Donald Trump sues Twitter and Facebook today: Will this kill social media?

It’s official. Earlier today, former President Donald Trump filed suits against Big Tech companies following the shutdown of his various social media accounts. The former President is claiming that these Big Tech titans are wrongfully censoring him and the American people all over the country. 

Donald Trump expressed more details in an hour-long news conference. Let’s take a look at everything he said to the world here. 

A news conference

At a news conference earlier today live-streamed from his country club in Bedminster, New Jersey, Donald Trump announced the news that he had officially filed suits against the Big Tech companies that had banned him from their respective sites and apps months ago following the Capitol Riots. The livestream was shared with Rumble, a video-sharing website that in recent months has become a rival of YouTube. 

Donald Trump joined Rumble last month and used the site to share his news conference with the world today. Since then, plenty of other folks and conservatives from his following have been joining the site as well in support of the former President. Last month, Donald Trump even used the site again to stream one of his rallies that was going on in Wellington, Ohio. 

Donald Trump expressed his opinions and sentiments on the lawsuit he officially filed today in the news conference. The class-action lawsuit seeks unspecified damages for alleged First Amendment violations that he claimed can amount to “trillions” of dollars.

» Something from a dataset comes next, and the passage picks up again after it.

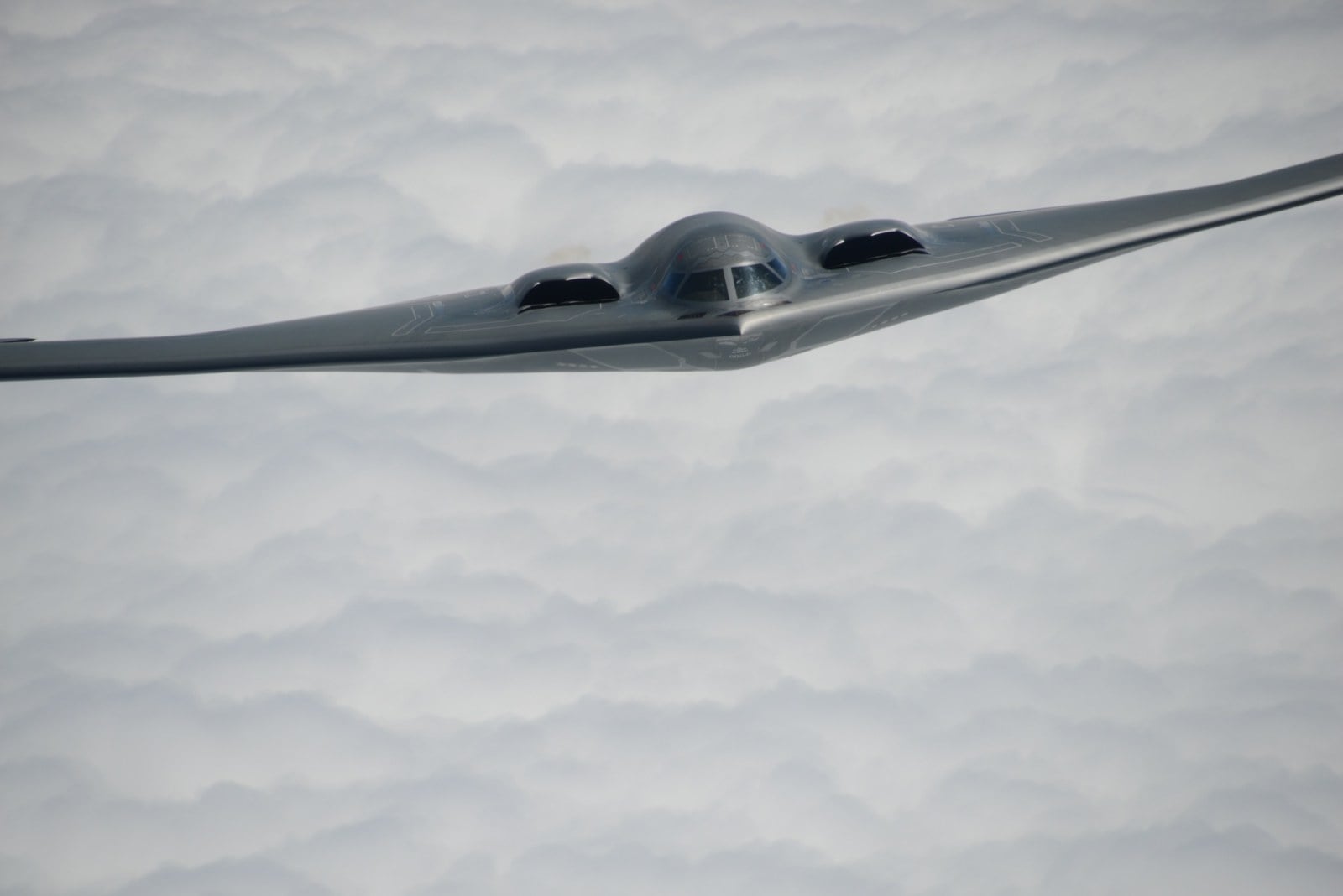 B-2 Spirit stealth bomber of the 509th Bomb Wing approaching a KC-135 tanker over Missouri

The former President is also requesting federal judges “to overturn the controversial immunity protections granted to internet companies in 1996” per New York Post. 

New York Post also stated that he intends to do that “by declaring Section 230 of the Communications Decency Act unconstitutional”. At the news conference today, Donald Trump remarked: “We’re asking the US District Court for the Southern District of Florida to order an immediate halt to stop social media companies’ illegal and shameful censorship of the American people. That’s exactly what they’re doing”.

 

Targeting big names

He continued with: “We’re demanding an end to the shadow-banning, a stop to the silencing, a stop to the blacklisting, banishing and canceling that you know so well”. The former President also added that while these companies “are officially private entities, in recent years they have ceased to be private with the enactment and their historical use of Section 230, which profoundly protects them from liability”.

“It is, in effect, a massive government subsidy”, Donald Trump continued. “These companies have been co-opted, coerced and weaponized by government actors to become the enforcers of illegal, unconstitutional censorship”. The lawsuit is directly targeting some big names such as Facebook CEO Mark Zuckerberg, Twitter CEO Jack Dorsey, and Sunday Pichai, CEO of Alphabet and Google as well as owner of Youtube”. 

He also claimed that Democratic lawyers “coerced” the companies to censor him in fear that he would be re-elected. Trump also added that his removal from the platforms makes it harder “to act as head of the Republican Party, campaign for Republican candidates, fundraise, and lay the groundwork for his own potential campaign run for the 2024 Republican Party nomination for President of the United States”.

On January 8th, Donald Trump was permanently banned from Twitter after the site claimed that his tweets raised “the risk of further incitement of violence”. Last month, Facebook announced that the former President’s ban would last until at least the year of 2023. YouTube also banned him on January 6th following his video regarding the Capitol attack, which the company said could cause “ongoing potential for violence”.